Companies that hope to attract investment should also have a solid management team with the ability to execute a high-growth plan, as well as a clear business and sales model with demonstrable traction with customers.

What does a strong management team look like? It’s not all about university training, Bauman said. “Although this is useful, angels are looking for teams that have rich work experience with special links to the business venture at hand.”

Financials are a crucial part of an angel group’s decision to invest. Does your company offer scalability and opportunity? Are your financial projections realistic? Is your strategy executable? Do you have a clear plan for how you will use angel funding?

“Angels are critically looking at your business model, how you will make money and evidence that your team can execute,” Bauman said. “Make sure that you check the box on these questions, understand and are conversant with investment terms, and have completed a full risk assessment.  Additionally, remember that a credible exit strategy and some charisma also help to attract angels.”

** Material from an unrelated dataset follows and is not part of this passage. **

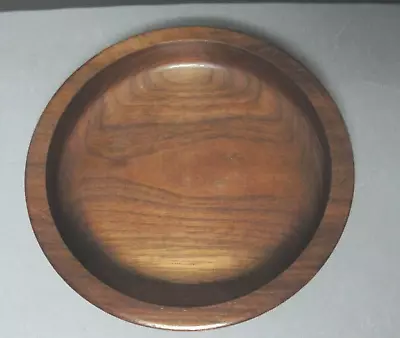 Walnut Salad Bowl Snack Nut Candy Dish Round Plate Trinket Dish Handmade 8.5  • $17.90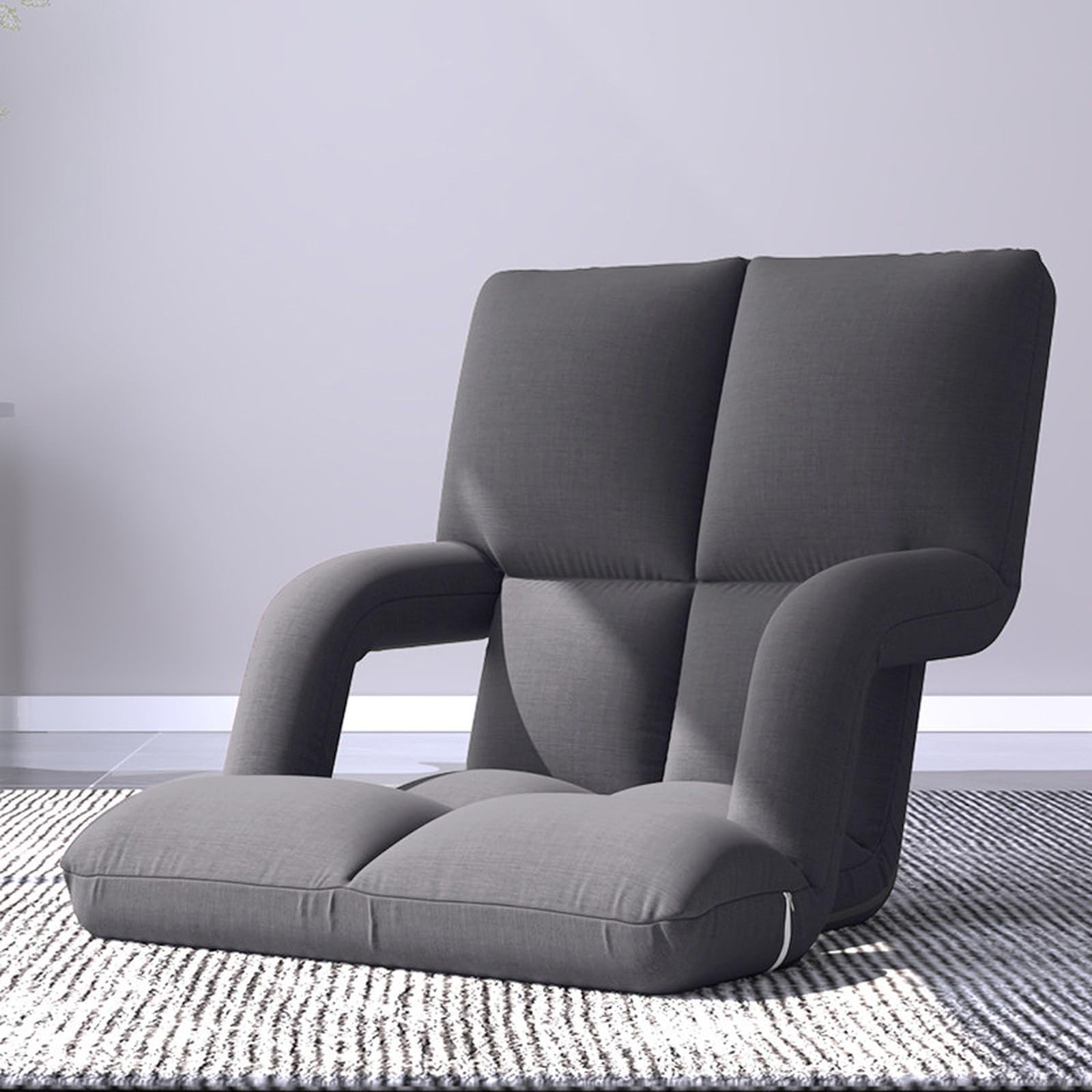 Chaise de sol pliante salon chambre balcon fauteuil réglable 6 positions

Finally, Caribbean entrepreneurs should think about the opportunities for their company globally. “The challenge in the region is that the markets are relatively small,” Bauman said. “So companies in the angel market need to demonstrate that they have the ability to go international.”

About LINK-Caribbean

LINK-Caribbean is an investment facilitation project under the Entrepreneurship Program for Innovation in the Caribbean (EPIC) designed to identify and create connections between promising entrepreneurs and private investors, primarily business angel investors. It is being implemented by a regional partner, the Caribbean Export Development Agency, and is the second phase of the EPIC access to finance initiative to unlock and develop private capital investment into high growth potential entrepreneurial ventures. The first phase saw the launch and development of three angel investor groups in the region and the first structured angel investments. LINK seeks to stimulate additional early-stage investment activity through deal sourcing activities, grant funding products (Investment Ready and Co-Investment Grants), and the formation of the Regional Angel Investors Network (RAIN), a platform for growing the investor community while connecting entrepreneurs and investors. At the end of the first cycle, 296 firms were registered on the RAIN platform and 134 companies had completed applications.

About EPIC

The Entrepreneurship Program for Innovation in the Caribbean (EPIC) is an initiative of the World Bank Group. Launched in 2011, it is a seven-year, CAN $20 million programme sponsored by the government of Canada and managed by the World Bank Group’s innovation and entrepreneurship program, infoDev. EPIC aims to contribute to the advancement of a more prosperous and more integrated Caribbean community, able to generate and sustain economic growth. It also provides a unique opportunity for Caribbean entrepreneurs to explore new methodologies to learn, scale, and market their business solutions locally, regionally, and internationally. The project's objective is to contribute to increased competitiveness, growth, and job creation in the Caribbean region through the development of a robust and vibrant innovation and entrepreneurship ecosystem.